:: Exercise prompt ::
Every line of the listing must be reproduced as it stands. Leave the images behind.

:: Data ::
★ ★ ★
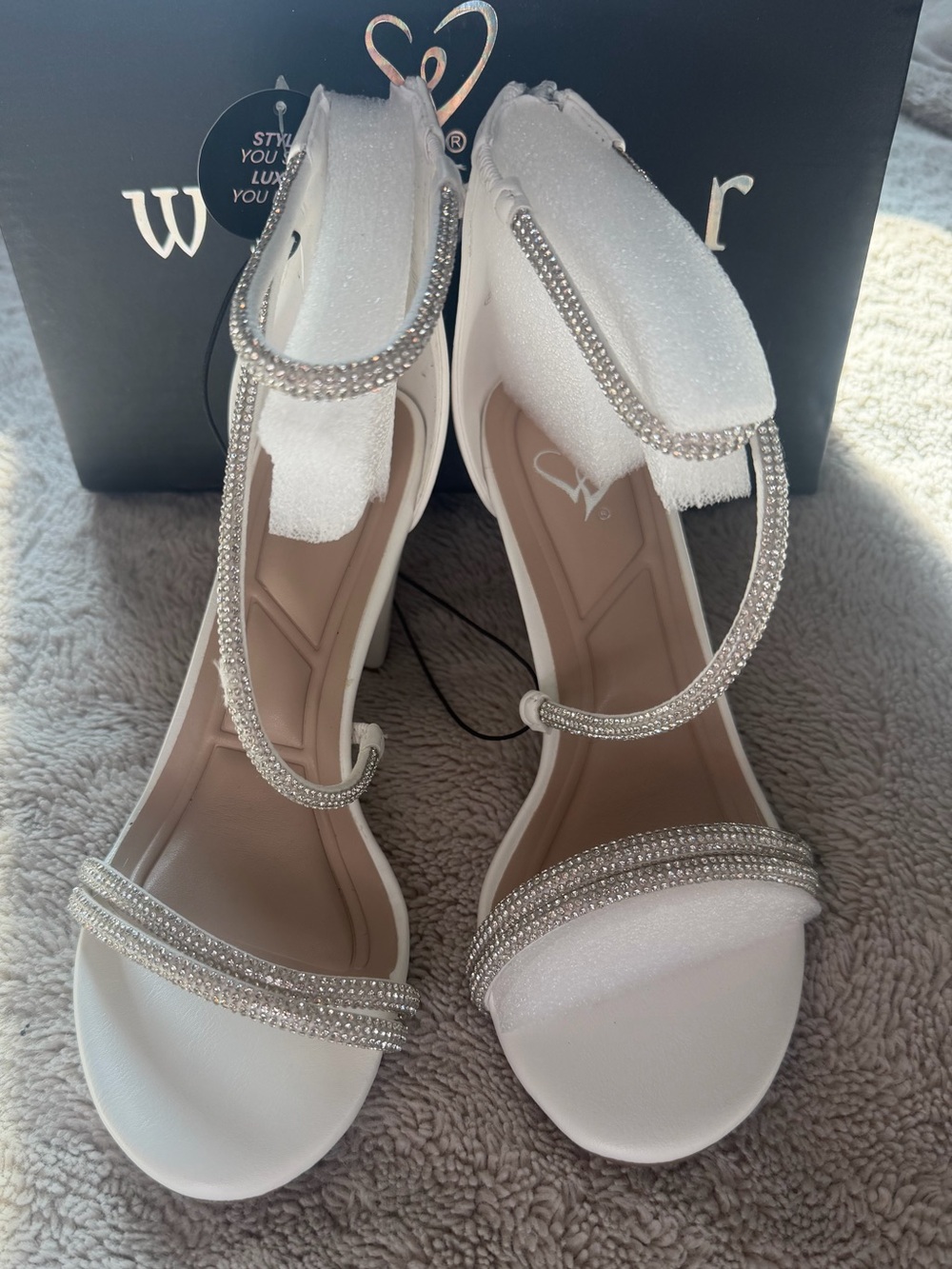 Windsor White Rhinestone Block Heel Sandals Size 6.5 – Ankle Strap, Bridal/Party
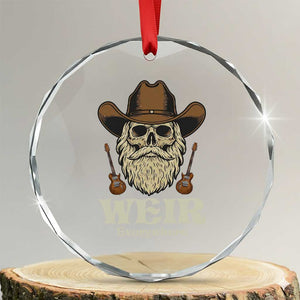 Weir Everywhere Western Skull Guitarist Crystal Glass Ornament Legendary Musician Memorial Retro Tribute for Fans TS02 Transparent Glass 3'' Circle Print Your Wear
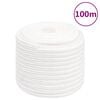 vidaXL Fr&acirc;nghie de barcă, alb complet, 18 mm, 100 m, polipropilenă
★ ★ ★
:: Reply ::
 Windsor White Rhinestone Block Heel Sandals Size 6.5 – Ankle Strap, Bridal/Party
 Weir Everywhere Western Skull Guitarist Crystal Glass Ornament Legendary Musician Memorial Retro Tribute for Fans TS02 Transparent Glass 3'' Circle Print Your Wear
 vidaXL Fr&acirc;nghie de barcă, alb complet, 18 mm, 100 m, polipropilenă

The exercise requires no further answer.